A shorter French version of this article was published on LeMonde.fr on January 29, 2009.
In the last few weeks, it has been a struggle to follow the tens of billions or even hundreds of billions paraded each day in newspaper headlines. We have seen $787 billion approved in the US, €26 billion in France, €50 billion in Germany, and so on. But these successive plans fail to provide for solving the economy’s basic problem, namely the necessary restructuring of many activities. Rather than extravagant spending, restarting economic activity calls for a substantial drop both in taxes and in public spending.
In public debate, stimulating consumption is often presented as the fundamental issue. This is simply mistaken. The economy is suffering in reality from the overdose of credit it experienced over the last few years and from excessive expansion of certain activities. For years, lax monetary policy in the United States enabled many industries to borrow massively and to grow accordingly. New investment was made artificially profitable due to low interest rates. Sectors that benefited heavily from this easy credit enjoyed years of prosperity. They developed, and they hired. The real estate and automobile sectors, for instance, cashed in on the credit generously distributed to individuals by the banks, which in turn were encouraged to lend, due in particular to the existence of sanctions if they did not issue enough credit. U.S. monetary policy – followed, to a lesser degree, by the European Central Bank – allowed for the creation of an economic bubble.
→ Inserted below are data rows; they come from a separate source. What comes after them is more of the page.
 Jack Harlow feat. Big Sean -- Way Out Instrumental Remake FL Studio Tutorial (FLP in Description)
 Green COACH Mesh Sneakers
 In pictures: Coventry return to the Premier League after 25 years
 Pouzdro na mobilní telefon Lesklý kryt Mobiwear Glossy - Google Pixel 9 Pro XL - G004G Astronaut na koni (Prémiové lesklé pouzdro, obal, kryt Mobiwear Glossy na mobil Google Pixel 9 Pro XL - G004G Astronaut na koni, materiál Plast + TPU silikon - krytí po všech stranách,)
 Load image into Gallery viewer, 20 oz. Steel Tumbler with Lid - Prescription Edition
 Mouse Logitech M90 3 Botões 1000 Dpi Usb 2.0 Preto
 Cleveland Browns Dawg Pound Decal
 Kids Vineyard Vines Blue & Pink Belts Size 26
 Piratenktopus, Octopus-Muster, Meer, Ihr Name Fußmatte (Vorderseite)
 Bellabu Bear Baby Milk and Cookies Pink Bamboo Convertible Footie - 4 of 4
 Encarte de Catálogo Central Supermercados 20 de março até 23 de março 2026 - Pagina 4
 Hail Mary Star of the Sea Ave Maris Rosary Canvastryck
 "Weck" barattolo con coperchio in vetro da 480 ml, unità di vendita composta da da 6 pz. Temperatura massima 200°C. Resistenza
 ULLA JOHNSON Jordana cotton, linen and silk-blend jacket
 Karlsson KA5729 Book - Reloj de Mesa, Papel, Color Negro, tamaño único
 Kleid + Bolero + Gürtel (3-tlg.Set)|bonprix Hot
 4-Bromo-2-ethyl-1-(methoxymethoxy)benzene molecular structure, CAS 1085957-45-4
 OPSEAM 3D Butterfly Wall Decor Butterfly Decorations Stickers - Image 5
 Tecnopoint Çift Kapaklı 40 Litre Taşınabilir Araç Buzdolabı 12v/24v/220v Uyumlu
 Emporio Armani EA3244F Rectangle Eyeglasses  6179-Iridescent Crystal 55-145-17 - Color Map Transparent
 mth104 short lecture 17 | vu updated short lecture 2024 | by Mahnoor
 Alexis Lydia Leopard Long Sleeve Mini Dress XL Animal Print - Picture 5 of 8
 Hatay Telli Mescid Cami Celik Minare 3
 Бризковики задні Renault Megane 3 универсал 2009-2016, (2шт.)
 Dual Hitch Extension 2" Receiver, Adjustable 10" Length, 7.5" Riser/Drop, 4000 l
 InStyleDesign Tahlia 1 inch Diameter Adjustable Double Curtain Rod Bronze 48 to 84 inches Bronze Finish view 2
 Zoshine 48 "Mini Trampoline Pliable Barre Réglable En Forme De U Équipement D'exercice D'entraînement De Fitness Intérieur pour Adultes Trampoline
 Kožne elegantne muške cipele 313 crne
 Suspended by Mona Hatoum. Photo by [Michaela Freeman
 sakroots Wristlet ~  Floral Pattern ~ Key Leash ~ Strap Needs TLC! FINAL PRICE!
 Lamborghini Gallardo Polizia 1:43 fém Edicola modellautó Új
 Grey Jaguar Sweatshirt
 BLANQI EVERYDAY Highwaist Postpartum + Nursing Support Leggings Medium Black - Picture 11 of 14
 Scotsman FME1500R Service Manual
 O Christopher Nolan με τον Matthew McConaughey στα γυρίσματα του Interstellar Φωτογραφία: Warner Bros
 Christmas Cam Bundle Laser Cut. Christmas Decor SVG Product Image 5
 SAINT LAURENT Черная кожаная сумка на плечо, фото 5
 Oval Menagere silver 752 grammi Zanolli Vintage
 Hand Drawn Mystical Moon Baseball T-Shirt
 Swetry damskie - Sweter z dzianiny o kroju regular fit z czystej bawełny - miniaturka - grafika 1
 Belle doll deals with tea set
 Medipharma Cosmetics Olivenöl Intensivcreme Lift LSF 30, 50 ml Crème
But the wealth generated by sectors such as real estate was more apparent than real, based on a credit flow created without prior private savings. The progressive rise in U.S. Federal Reserve rates, from 1% to 4.5% between 2004 and 2006, led to the bursting of the bubble. The activities that most benefited from credit since 2000 were the first to suffer, relying for their profitability solely on credit. Real estate, especially in the United States, has seen numerous bankruptcies. The automobile sector is crumbling in the face of hardship. The Big Three U.S. automakers – General Motors, Chrysler and Ford – are near bankruptcy. The crisis later spread to the economy as a whole.
In this situation, stimulus plans have only limited effect and make great numbers of companies more vulnerable. These plans are financed by borrowing and reduce the quantity of savings available for business. Between 1 January 2008 and 1 January 2009, U.S. Government debt went from $9.210 trillion to $10.627 trillion, up by 15%, whereas it has grown “only” by 6% in 2006 and 2007. Everything governments borrow on the capital market is taken from the savings reserve that citizens seek to invest. By borrowing ever more, governments capture a portion of savings that then cannot go to large companies, which also seek to obtain financing through bond issues.
If the money for stimulus plans were not spent by governments, it would remain available to companies, which could then invest and hire. This is not the case, however, and the astronomical amounts now being borrowed by governments are drying up the capital market, pushing up interest rates and destabilizing the entire private sector.
Stimulus plans can thus be compared to a redistribution that benefits some companies to the detriment of many others. Rather than providing for the development of future-oriented activities, they keep unprofitable activities in place. They thereby slow a process required for recovery: the restructuring of many activities.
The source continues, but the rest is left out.